From the December 2015 issue

Web Extra: In search of Dyson spheres

A half-century of advancements in the search for E.T.s has led scientists to find ways to track aliens who might not want to be found.
By | Published: December 28, 2015 | Last updated on May 18, 2023
Extraterrestrial signal
Once a civilization colonizes other planets in its home system, the inhabitants will need to stay in contact. Astronomers have started looking for pulsed-laser communications between worlds in systems where two planets align with each other and with Earth.
Astronomy: Roen Kelly
Astronomers have been hunting aliens for more than 50 years. In that time, detection methods have improved significantly, advancing from Frank Drake’s Project Ozma, all the way to modern attempts to find Dyson spheres —hypothetical machines built to surround a star and capture its energy.

How would astronomers know if they’d found such a monstrosity? It might look something like a strange star recently found using NASA’s Kepler telescope. KIC 8462852 dims in a way never before seen, however, astronomers still think it’s most likely surrounded by debris rather than alien megastructures.

Nonetheless, looking for Dyson spheres is appealing because the aliens don’t have to be trying to contact Earth the way most searches would require.

Science writer David Chandler described the quest in his story “The new search for alien intelligence.”

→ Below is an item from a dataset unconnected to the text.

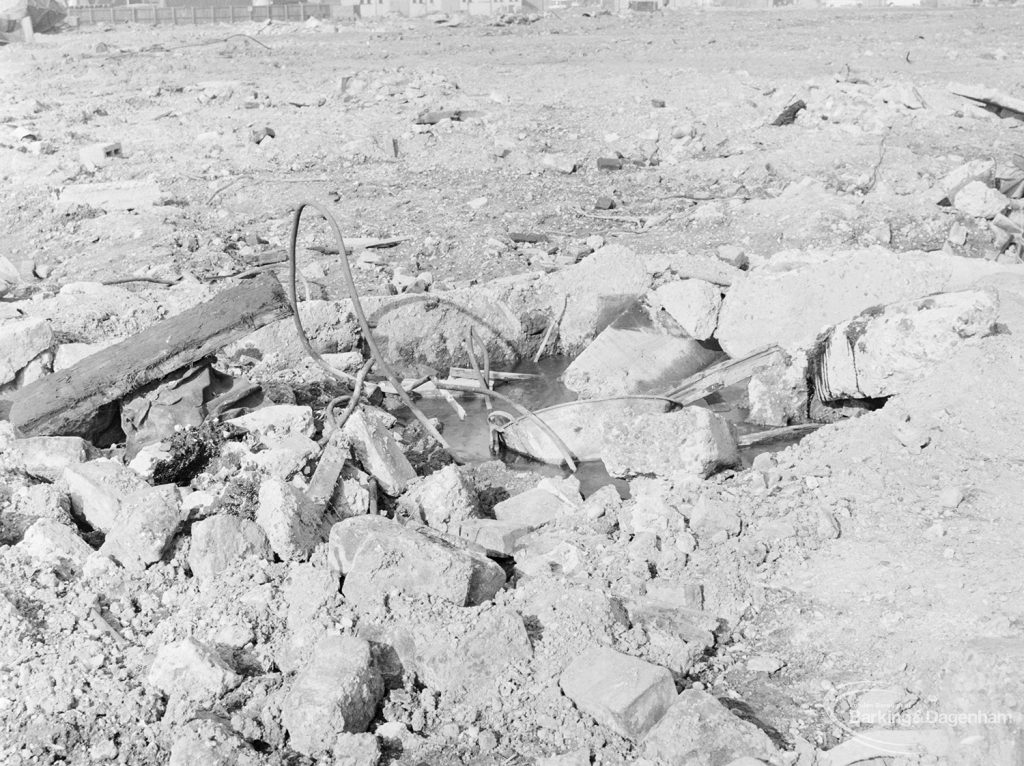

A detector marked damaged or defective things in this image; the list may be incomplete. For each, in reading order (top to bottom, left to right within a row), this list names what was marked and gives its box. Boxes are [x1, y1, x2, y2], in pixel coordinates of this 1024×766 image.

“If the aliens don’t drive themselves to extinction, the thinking goes, their civilization will keep expanding,” Chandler explained. “And any such society will have an insatiable appetite for energy. Ultimately, once the extraterrestrials have exhausted the energy resources of their home planet, they will take to space and start dismantling other planets and moons to build ever-larger solar arrays capable of capturing as much of the energy produced by the local sun as possible.”